▶ DESCRIPTION OF THE TASK:
From the first line of the data through the line containing "unfurnished room featuring", return each line exactly.

▶ GIVEN INFORMATION:

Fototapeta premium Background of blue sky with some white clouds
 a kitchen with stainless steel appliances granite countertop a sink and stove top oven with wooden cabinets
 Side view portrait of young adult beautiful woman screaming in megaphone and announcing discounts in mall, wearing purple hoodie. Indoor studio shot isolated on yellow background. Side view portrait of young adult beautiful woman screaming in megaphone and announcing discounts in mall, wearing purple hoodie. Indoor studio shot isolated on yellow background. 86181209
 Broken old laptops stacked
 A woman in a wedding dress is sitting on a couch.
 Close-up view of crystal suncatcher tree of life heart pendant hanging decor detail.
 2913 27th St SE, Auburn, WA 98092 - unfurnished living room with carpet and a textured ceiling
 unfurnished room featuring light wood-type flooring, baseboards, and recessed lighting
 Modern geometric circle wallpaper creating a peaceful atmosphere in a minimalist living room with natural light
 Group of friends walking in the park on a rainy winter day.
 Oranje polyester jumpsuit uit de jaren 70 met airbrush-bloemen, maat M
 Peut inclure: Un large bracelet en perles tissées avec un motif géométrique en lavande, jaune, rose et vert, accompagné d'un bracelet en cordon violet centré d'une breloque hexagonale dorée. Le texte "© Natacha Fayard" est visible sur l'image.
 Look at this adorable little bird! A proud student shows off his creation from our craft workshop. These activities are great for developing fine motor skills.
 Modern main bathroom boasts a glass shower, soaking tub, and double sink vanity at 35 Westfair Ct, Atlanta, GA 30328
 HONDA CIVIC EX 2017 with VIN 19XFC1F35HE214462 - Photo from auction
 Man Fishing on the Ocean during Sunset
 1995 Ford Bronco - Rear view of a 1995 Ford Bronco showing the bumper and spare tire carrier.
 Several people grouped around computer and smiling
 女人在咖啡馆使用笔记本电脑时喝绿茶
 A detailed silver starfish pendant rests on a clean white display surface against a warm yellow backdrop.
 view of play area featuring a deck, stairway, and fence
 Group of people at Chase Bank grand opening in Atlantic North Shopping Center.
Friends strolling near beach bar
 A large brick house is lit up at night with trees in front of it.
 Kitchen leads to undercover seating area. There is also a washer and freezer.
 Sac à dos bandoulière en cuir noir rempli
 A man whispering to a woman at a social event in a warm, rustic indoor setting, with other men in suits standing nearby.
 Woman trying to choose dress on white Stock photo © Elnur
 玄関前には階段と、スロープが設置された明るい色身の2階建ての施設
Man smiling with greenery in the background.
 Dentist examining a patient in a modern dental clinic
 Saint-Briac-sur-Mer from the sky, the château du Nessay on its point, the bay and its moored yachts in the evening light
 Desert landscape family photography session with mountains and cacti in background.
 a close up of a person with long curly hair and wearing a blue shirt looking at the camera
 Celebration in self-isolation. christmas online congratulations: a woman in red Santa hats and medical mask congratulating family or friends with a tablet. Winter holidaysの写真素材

▶ WRITTEN ANSWER:
Fototapeta premium Background of blue sky with some white clouds
 a kitchen with stainless steel appliances granite countertop a sink and stove top oven with wooden cabinets
 Side view portrait of young adult beautiful woman screaming in megaphone and announcing discounts in mall, wearing purple hoodie. Indoor studio shot isolated on yellow background. Side view portrait of young adult beautiful woman screaming in megaphone and announcing discounts in mall, wearing purple hoodie. Indoor studio shot isolated on yellow background. 86181209
 Broken old laptops stacked
 A woman in a wedding dress is sitting on a couch.
 Close-up view of crystal suncatcher tree of life heart pendant hanging decor detail.
 2913 27th St SE, Auburn, WA 98092 - unfurnished living room with carpet and a textured ceiling
 unfurnished room featuring light wood-type flooring, baseboards, and recessed lighting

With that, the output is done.